Eventually
Goodness. It seems that
everyone eventually moves to ChicagoLand.
Everyone on my virtual blogroll seems to be a part-time music critic. I
think the more interesting question is:
Does God approve of Christian rock?
I'm waiting to read a poem of Simon's that is astrophysical. I have poems
with Venus, Orion, and Pleiades in them. Eventually, every astronomical
object gets into my poems.
Answer to my question yesterday about a black hole's gravity : "General
relativity is a local theory, which means that the field at a certain point in spacetime is determined entirely by things going on at places that can
communicate with it at speeds less than or equal to c. If a star collapses into
a black hole, the gravitational field outside the black hole may be calculated
entirely from the properties of the star and its external gravitational field
*before* it becomes a black hole. Just as the light registering late stages in
my fall takes longer and longer to get out to you at a large distance, the
gravitational consequences of events late in the star's collapse take longer and
longer to ripple out to the world at large. In this sense the black hole *is* a
kind of "frozen star": the gravitational field is a fossil field."
I like the notion of a fossil field. I reminds me of post-poemic glow,
that strange feeling that persists after reading a particularly good poem.
The AARP Magazine (this month's cover: Tony Bennett and Christina Aguilera)
cite Portland, Chandler AZ, Atlanta and Austin as good places to move.
Also, Milwaukee, which Junie and I found to be lovely downtown. Also,
Boston, even though the housing costs are high. I've always had a
sentimental (romantic) notion about how great it would be to live in Boston, but
mainly because of all the Spenser novels I've read.
Oh, good.

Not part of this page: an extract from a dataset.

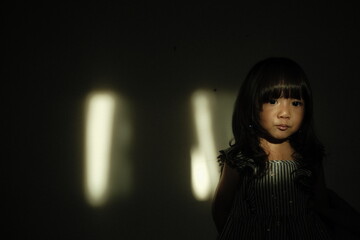 Portrait of a young girl standing against a dark background with cinematic light streaks on the wall. She makes a pout expression, creating a dramatic and artistic mood.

There's another Martin Cruz Smith
novel out. He once made it into a poem. Eventually
everybody gets into one of my poems.
Fraser Sutherland is the
best writer of poetry in English.
Junie and I need a new porcelain convenience for the upstairs bathroom in our
house in Eau Claire. Well, the only bathroom, actually, as that was how
many bathrooms you got in 1938, when the house was built. The cheapest
one-piece
toilet is $22.40 and somehow still gets a 5-star rating. There are nice
2-piece toilets in the $100-$300 range. The most expensive toilet in the
world is the Toto Neorest which retails for about $6,000 and includes jet-assist
water dispersal, tank-less operation, auto lid lift, available in Cotton White
or Sedona Beige. The ad says "Unlike any other toilet in
the world, this feature rich, highly publicized throne has more bells and
whistles than you knew you needed." I once got stuck in a small
railway station in Tuscany as the result of a typical Italian rail strike.
They had a 3-piece toilet: two pictures of feet glazed into tile, and a
hole between them. Sounds pretty reasonable, but I doubt I will be able to
sell Junie on the idea.
Deborah suggests putting an
unusually-named town in your poem. I once put Climax, Saskatchewan into a
poem. Eventually, every town gets into one of my poems.
Comments
I am in Illinois now too.
by golly.
d.
Posted by: didi menendez | August 12, 2007 10:00 AM
Hi, Didi. That is SO strange. I think of you as one of pillars of the Florida in my imagination.